The International Air Transport Association (IATA) has urged South Africa to leverage its resources and infrastructure to advance the development of Sustainable Aviation Fuel (SAF) production. This call was made during the IATA Wings of Change Focus Africa conference held in Johannesburg, where government and industry officials convened.

“South Africa has vast potential to become a leading Sustainable Aviation Fuel (SAF) producer in the region. And there is a waiting market for SAF as airlines work to achieve net zero carbon emissions by 2050. More than a strategy in support of aviation’s decarbonization, it is a strategy for economic development and should be a top priority for the new South African government. Across agriculture, energy, and transportation, new jobs and industries are waiting to be created that would not only help fight poverty but also contribute to greater energy independence,” said Marie Owens Thomsen, IATA’s senior vice president for sustainability and chief economist.

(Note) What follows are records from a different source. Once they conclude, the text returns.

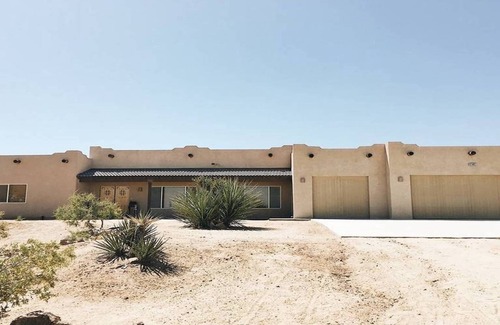 Joshua Tree House | Joshua Tree Desert Om - The place to enjoy yourself and find inner peace.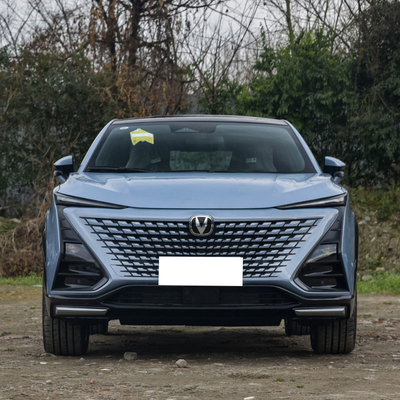 Changan 2023 UNI-K sedan met maximaal vermogen van 150-200p en voor 4 achter 4 radar
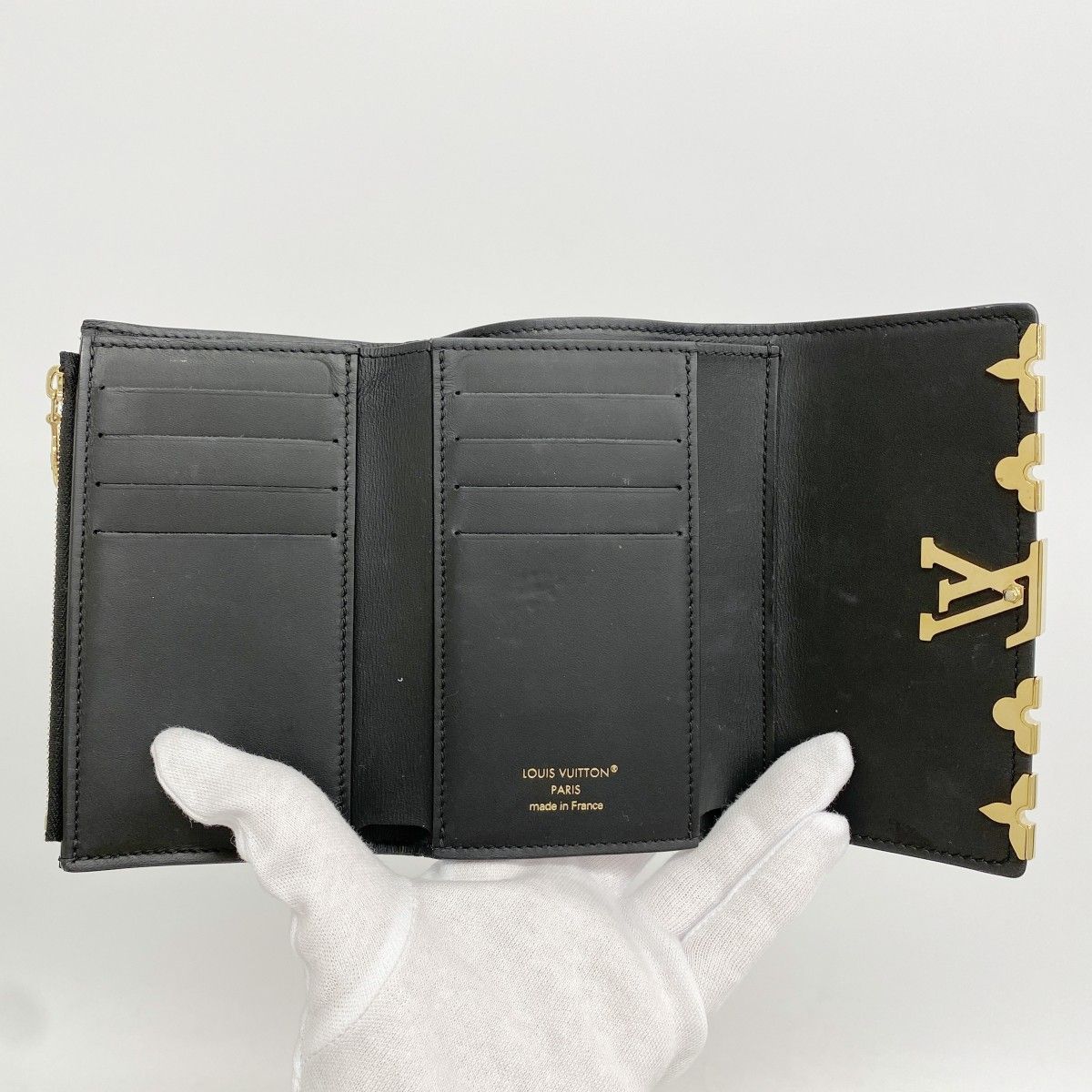 Louis Vuitton Wallet Taurillon Portefeuille Capucines Compact Noir — view 3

South Africa chaired the 2022 ICAO Assembly where governments agreed on a long-term goal aligned with the aviation industry’s commitment to net-zero carbon emissions by 2050. The role of SAF in achieving this goal was underscored by the ICAO CAAF/3 objective of a 5% average global reduction in aviation’s carbon emissions by 2030. Global collaboration among stakeholders such as states, development banks, industry, academia, and other relevant parties is deemed essential for helping countries with SAF potential develop their industry.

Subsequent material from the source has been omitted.